細田「直接お伝えしないと、失礼な気がしますから」
清水 私たちのアフレコは、つい最近終えたばかりですけど、7月16日の公開まで1ヵ月半を切りましたよね。もう完成しましたか。
細田 あははは。そうですねぇ、いまの時点で65%かな。(笑)
岩崎・清水 えーっ?
岩崎 いまはどういう作業をしているところなんですか。
細田 まだ、動きのアニメーションをつくる段階で。この作品では、すずが住む自然豊かな高知の村、という現実世界と、超巨大インターネット空間の仮想世界〈U〉、この2つの世界を描くわけですけど、現実世界のほうは9割8分くらい終わったので安心してください。
清水 〈U〉がまだ描けていないということか……(笑)。公開日に間に合うものなんですか。それとも、これが普通なんですか。

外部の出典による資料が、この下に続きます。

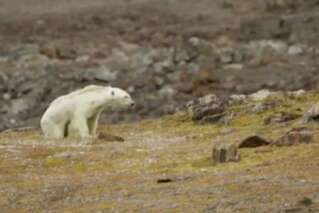 Les images déchirantes d'un ours polaire mourant de faim à cause du réchauffement climatique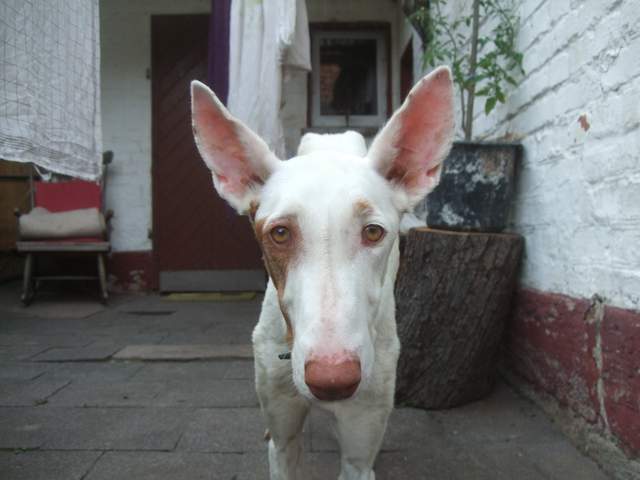 DSCF2121.JPG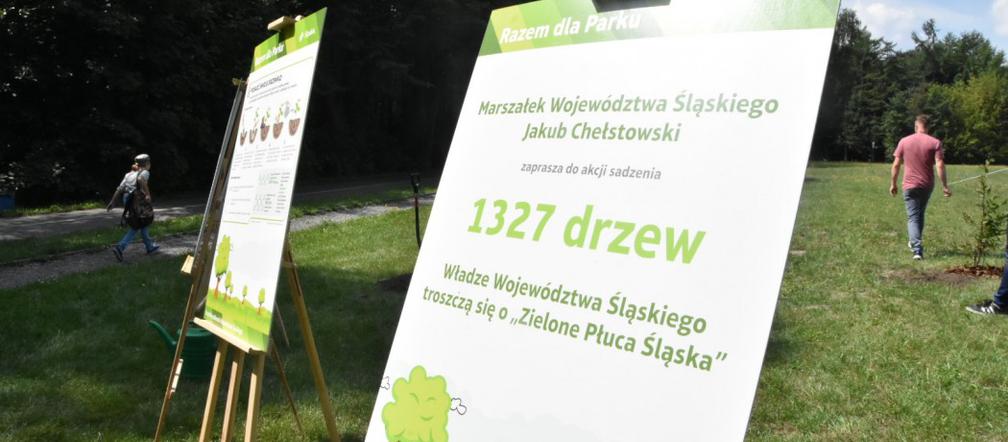 Park Śląski: AKCJA 1327 DRZEW Patryk 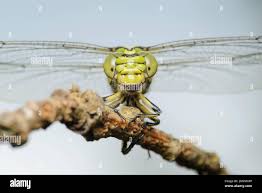 Attēlu rezultāti vaicājumam “Ophiogomphus cecilia”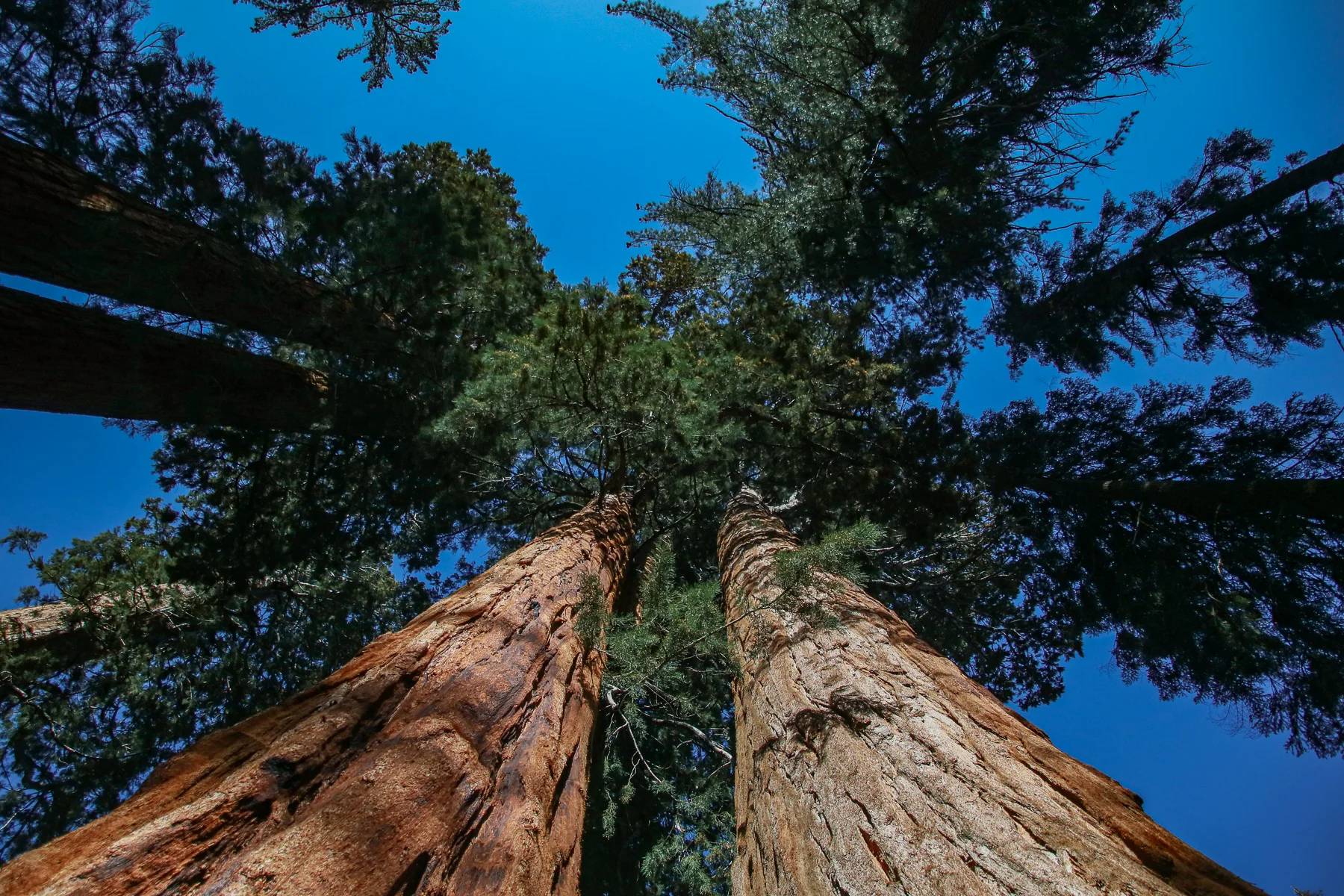 20-CA-sequoia71.jpg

細田 7月公開の作品だとさすがに6月には完パケ(完成し)てないといけないので、これでもちょっとは延ばしてもらってるんです。
清水 理由はやっぱり……、
細田 コロナの感染対策ですね。いつもだったら1週間で録るアフレコも、12日間かけて行いましたし。ほら、ブースがひとつひとつ区切られていたでしょう?
清水 アフレコの部屋まで人数制限すると、いちいち手間がかかるでしょうね。それなのに監督は毎回ブースのなかまできてくださって、感激しました。普通はマイクの向こうから、「もっと感情込めて! はい、もう1回!」みたいに言われるものなんですよ。全員に丸聞こえ。(笑)
岩崎 傍まできて、小声で「ここはすごくよかったと思います。とらえているところはいいんですよ」って言いながらね。恥をかかせないように。
清水 監督は人を傷つけたことないんだろうなあ、と思っちゃった。
細田 いやいや、まったくそんなことはない(笑)。ただただ、人物に命を吹き込んでくださる方々への敬意の表れです。直接お伝えしないと、失礼な気がしますから。